• **WHAT TO WORK ON**:
What is needed is an exact repetition of the lines from the first one in the data through the line with "MGK smiling for", with no pictures.

• **RECORDS TO USE**:

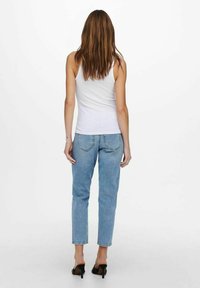 Witte tanktop, blauwe high-waisted jeans en zwarte heeled mules. Haar valt tot halverwege de rug; zichtbare stiksels op de jeans en achterzakken.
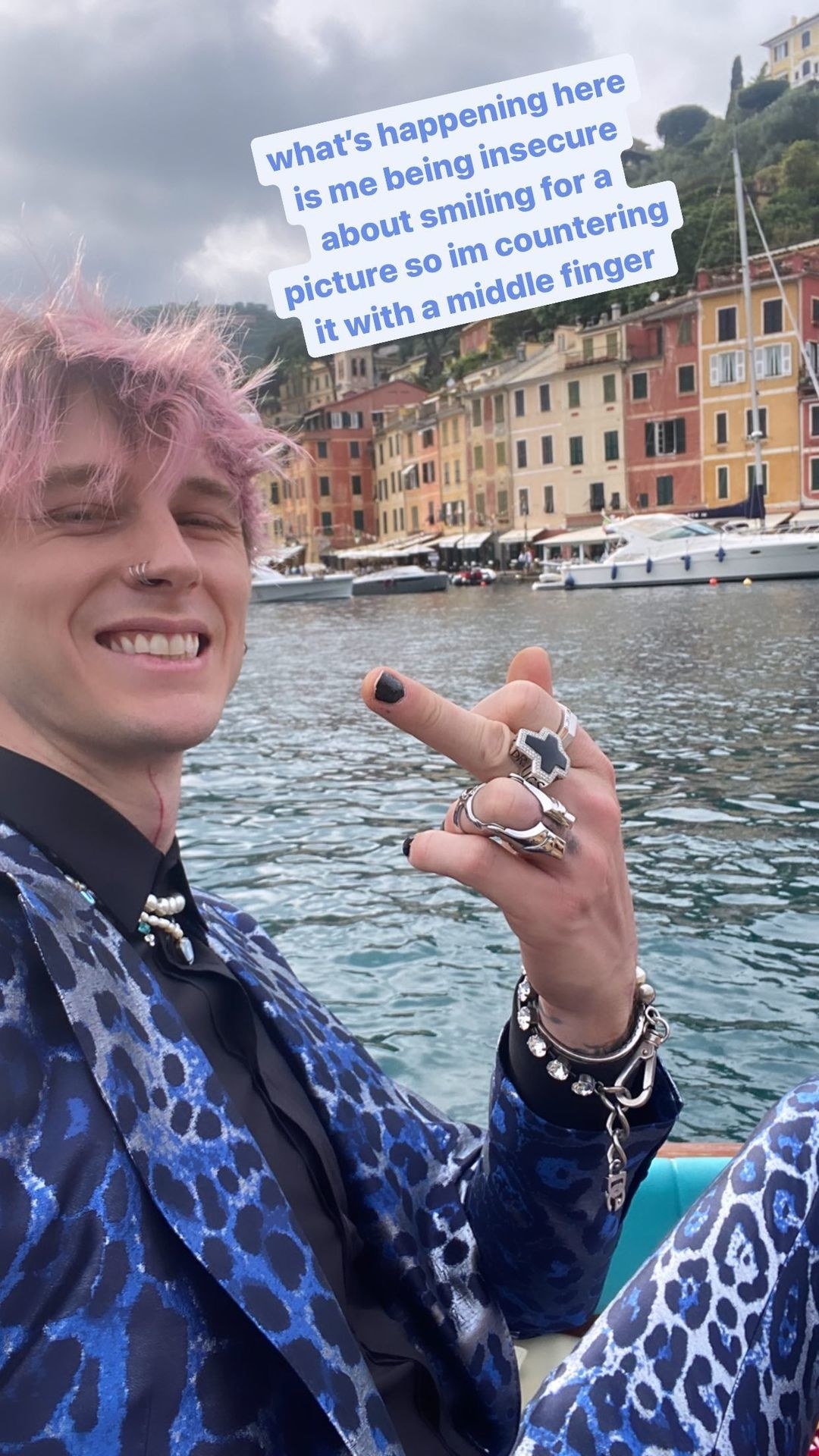 MGK smiling for a picture while holding up his middle finger, with a caption saying he&#x27;s doing it because he feels insecure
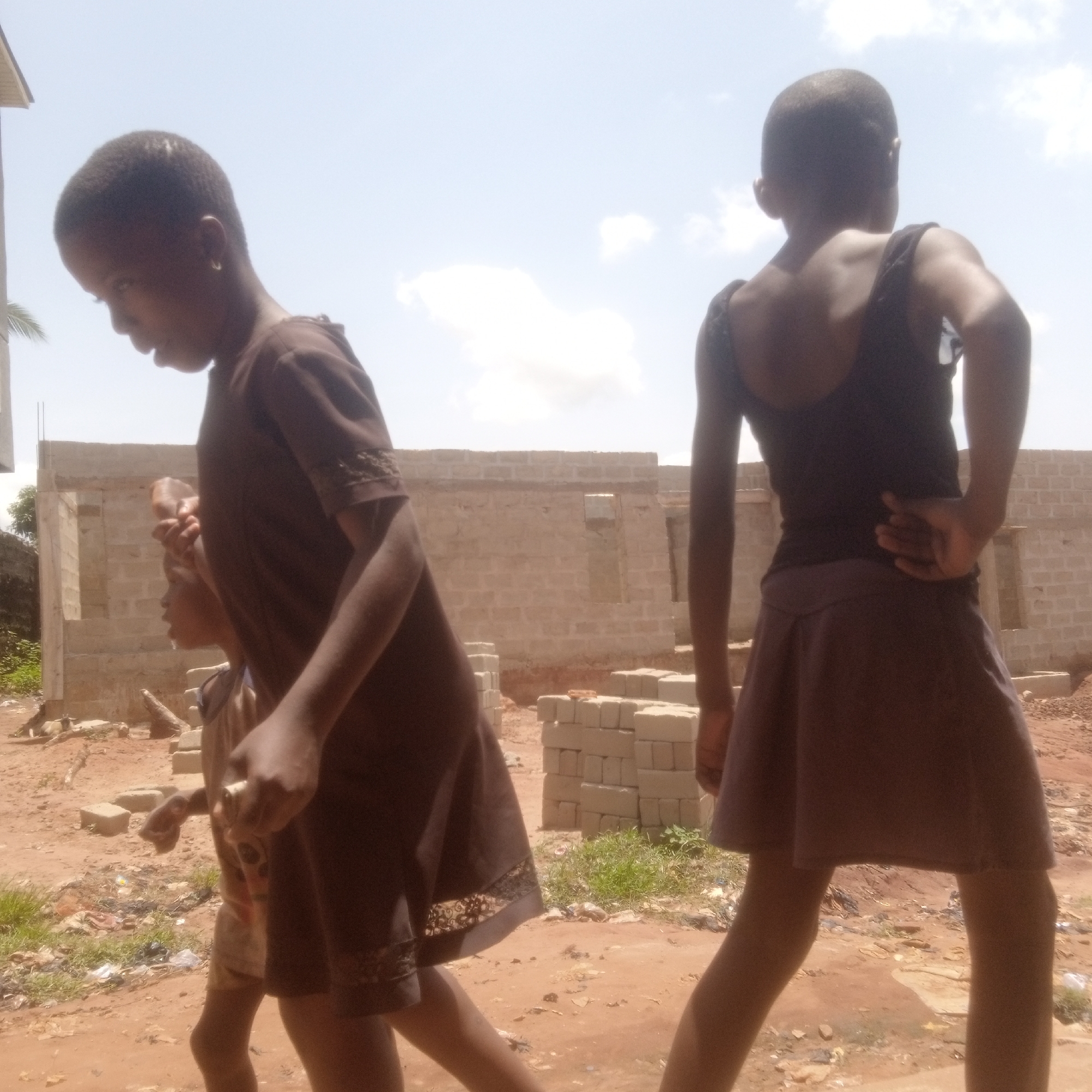 In the foreground of the image, two young girls, seen from the knees up, stand on a brown, dirt ground. One girl is facing away from the camera with her hand on her back; she is wearing a dark tank top and a brown skirt. The other girl faces to the left and is wearing a brown dress. Between them and slightly behind is a younger child, partially obscured, holding something in his hand. In the background is an unfinished brick building. The environment consists of dirt, scattered bricks, grass, and bits of trash. The location is Ukwu-Abwa, Nigeria. The sky is partly cloudy.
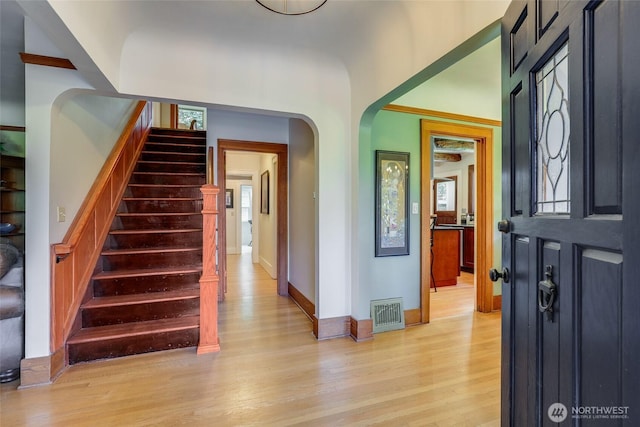 2463 26th Ave E, Seattle, WA 98112 - entrance foyer featuring light wood finished floors, arched walkways, stairs, and healthy amount of natural light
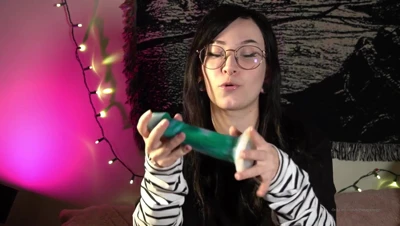 Big Titty Goth Egg moans with her mouth open and eyes wide as she rides the toys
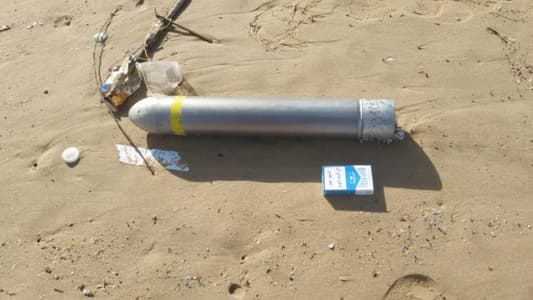 Photo: Unexploded rocket on the beach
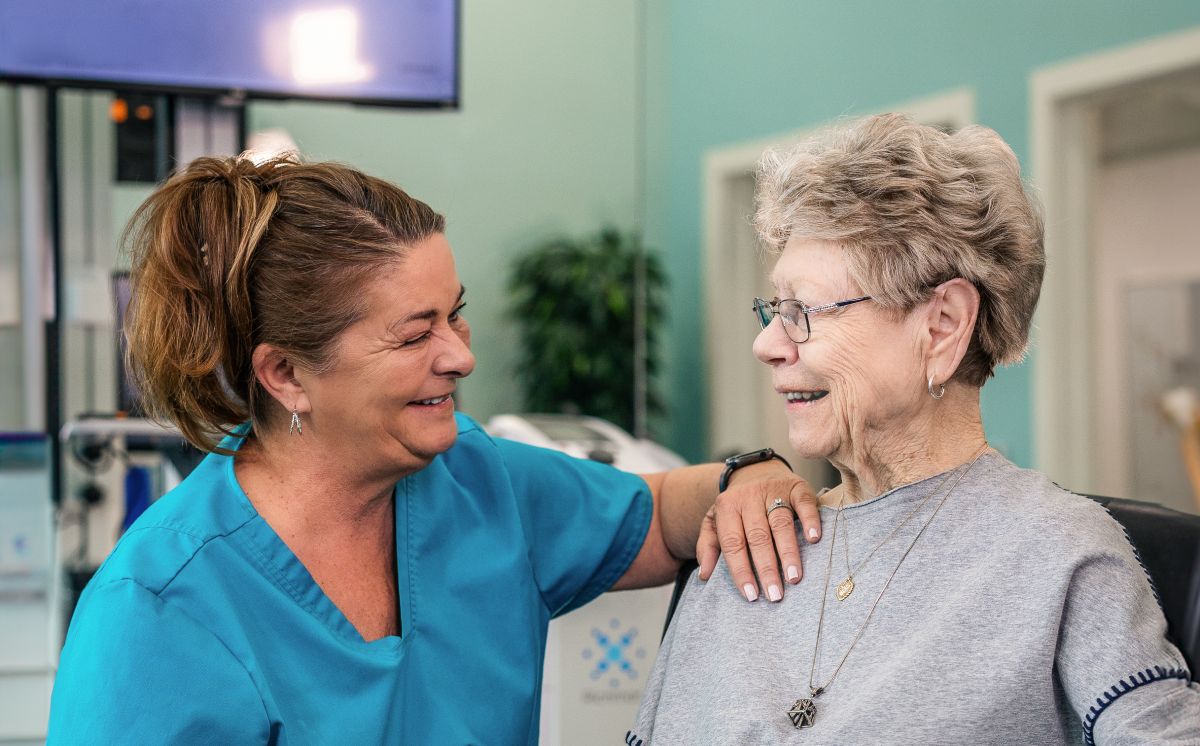 Civitas Senior Living | Caregiver checking on resident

• **OUTPUT FOR THIS EXERCISE**:
 Witte tanktop, blauwe high-waisted jeans en zwarte heeled mules. Haar valt tot halverwege de rug; zichtbare stiksels op de jeans en achterzakken.
 MGK smiling for a picture while holding up his middle finger, with a caption saying he&#x27;s doing it because he feels insecure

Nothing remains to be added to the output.